Bir yıl geçmesine rağmen Müslüman ülkelerden halen ses çıkmıyor.
Suriye hava sahası “Çelik Kubbe” ile korunurken İsrail tanklarının Suriye topraklarında bulunması ve İsrail uçakları Suriye topraklarını bombalarken S300-S400 füzeler havalanmadığı gibi İsrail’e "istediğini yapabilirsin” şeklinde ikram eder gibi Suriye topraklarında İran askeri güçlerinin konuşlandığı alanları bombalamaktadır.
Suriye- İsrail arasında bir anlaşmanın varlığı bu saldırılara bakılınca okuyabiliriz.
Buradan bakınca da Irak Kürdistan bölgesel yönetimi Barzani bu sürecin içinde olduğu ve katkı sunduğu anlaşılıyor.
Türkiye bizim için önemlidir. Bir an evvel Türkiye’ye dönelim.
Türkiye Açılım yapması gerekli midir?
Sayın Cumhurbaşkanı; “Terörün olmadığı bir Türkiye inşa etmek istiyoruz.’’
Sayın Bahçeli “İmralı gelsin DEM Grubu’nda terörün bittiğini açıklasın. ’’çıkışından çıkan sonuç Açılımın gerekli olduğudur.
Sayın Cumhurbaşkanın “İsrail’in hedefi Suriye’den sonra Türkiye’dir.” açıklamasını ciddiye almak gerekir.
Irak’ta Kuzey’de bir Kürt yani Kürdistan Bölgesel Yönetimi kuruldu. Suriye’nin kuzeyinde Kürdistan federal yapı önümüzdeki günlerde kurulacaktır.
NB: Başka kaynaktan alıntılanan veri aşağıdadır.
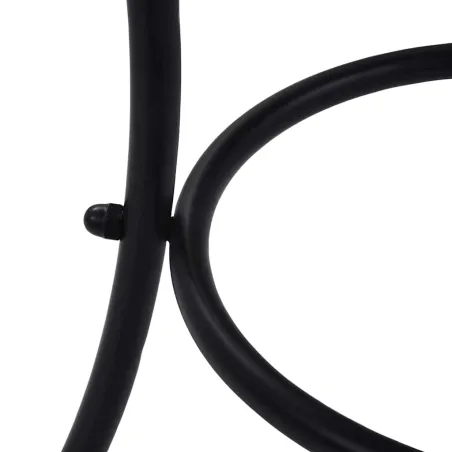 Ensemble de bistro 3 pcs mosaïque Carreau céramique Terre cuite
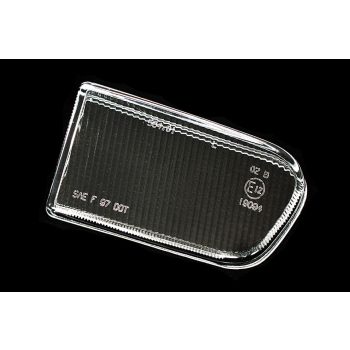 стекло противотуманной фары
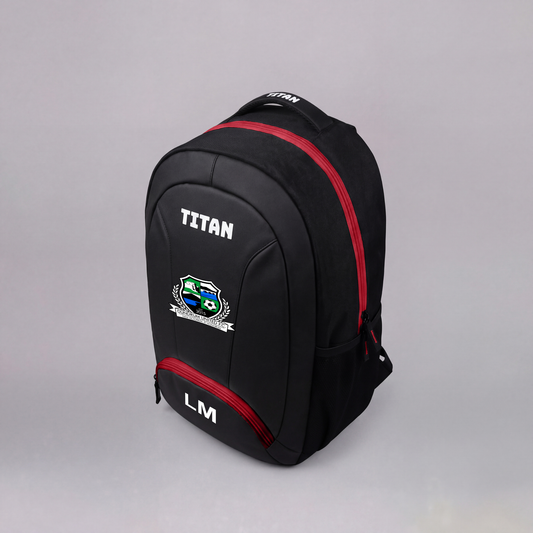 Dundrum United F.C. Personalised Rucksack
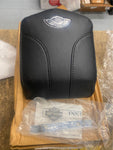 100th Anniversary Sissybar Pad OEM Harley Sportster Dyna FXD 883 1200 NOS NIB!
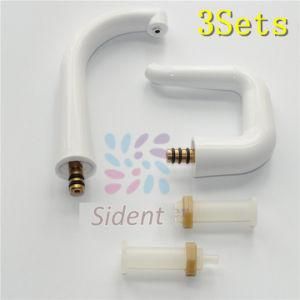 Dental Chair Unit Water Pipe Hose Supply Spittoon Cupping Tube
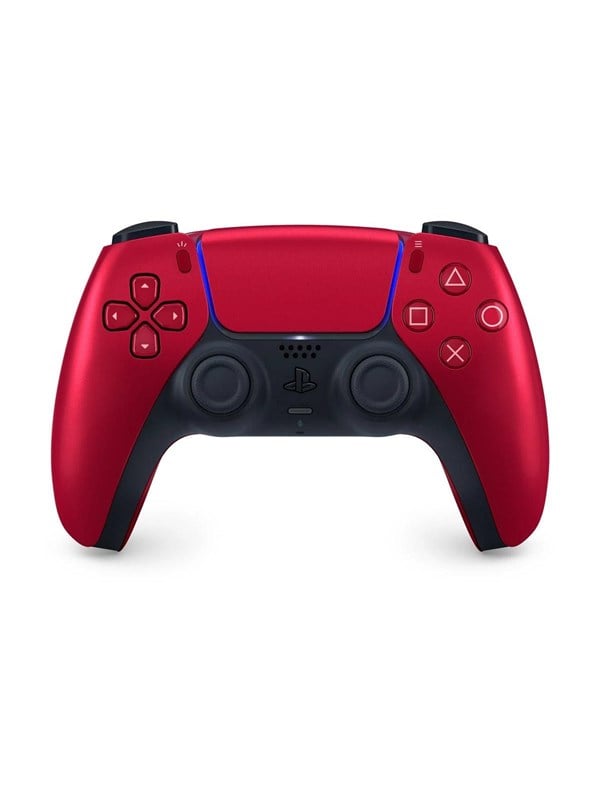 Sony PlayStation 5 DualSense - Volcanic Red - Wireless Controller - Sony PlayStation 5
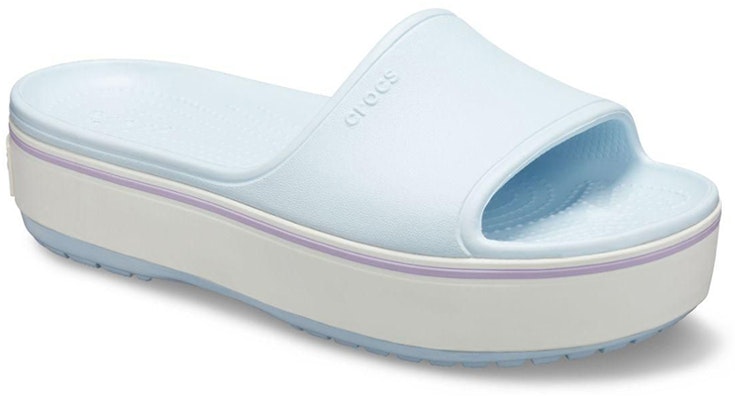 Sandal Crocs Crocband Light Cozy Sport Unisex Biru 205631-4JR Lookbook Sandal Crocs Crocband Light Cozy Sport Unisex Biru 205631-4JR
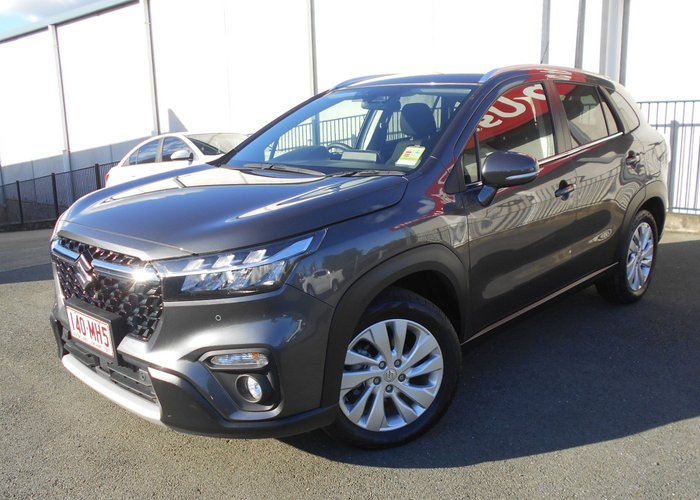 2024 Suzuki S-Cross ALLGRIP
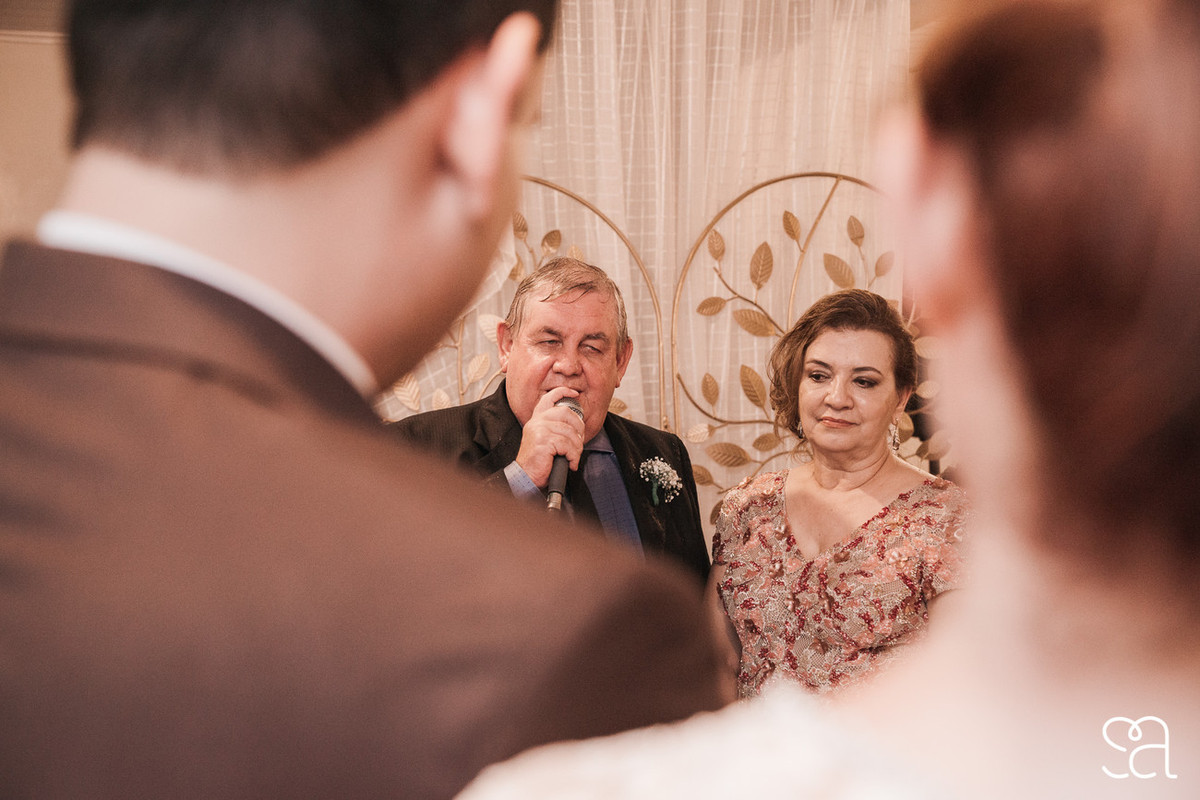 Casamento | Regiane e Claiton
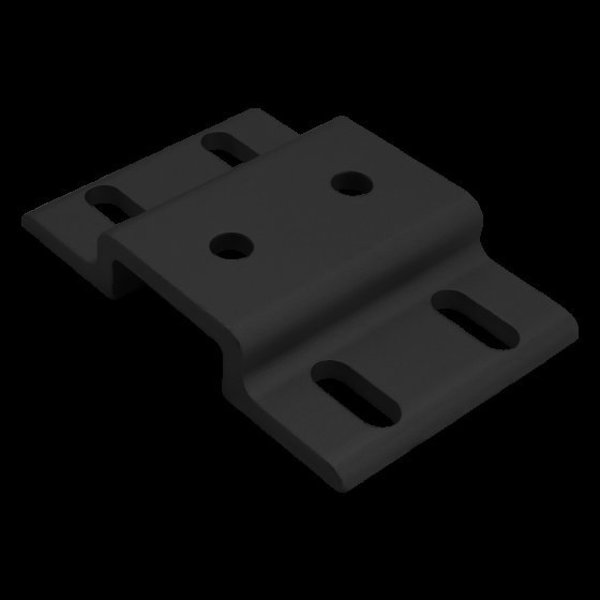Black 50mm Double Mesh Retainer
İki yüz bin üzerinde PYD Askeri gücü bulunduğu göz önüne alındığında terörün zararlı yapısının Türkiye için önümüzdeki süreçte ne kadar önemli olacağını göz ardı edemeyiz.
Asıl önemli olan Türkiye’nin Kuzey Irak’ta varlığını etkisiz hale getiren başarısız yöneticiler tarafından azaltıldı. Bu durumda varlığımız Suriye’de olmalıdır. Etkinliğimiz mutlaka olmalı ve kontrolümüzde var olmalıyız.
Türkiye’de artık hiç kimse sağ-sol veya siyasi düşüncesi her ne olursa olsun süreci baltalamaya çalışmamalı. Bilakis bunu yapmak Türkiye’ye zarar vermek ve hatta bölmeye çalışmaktadır. Bu konu bir siyasi düşünce değildir. 85 Milyon ve 783.000 M² sınırımızın yanında Türkiye’nin ana sorunudur diye düşünmelidir.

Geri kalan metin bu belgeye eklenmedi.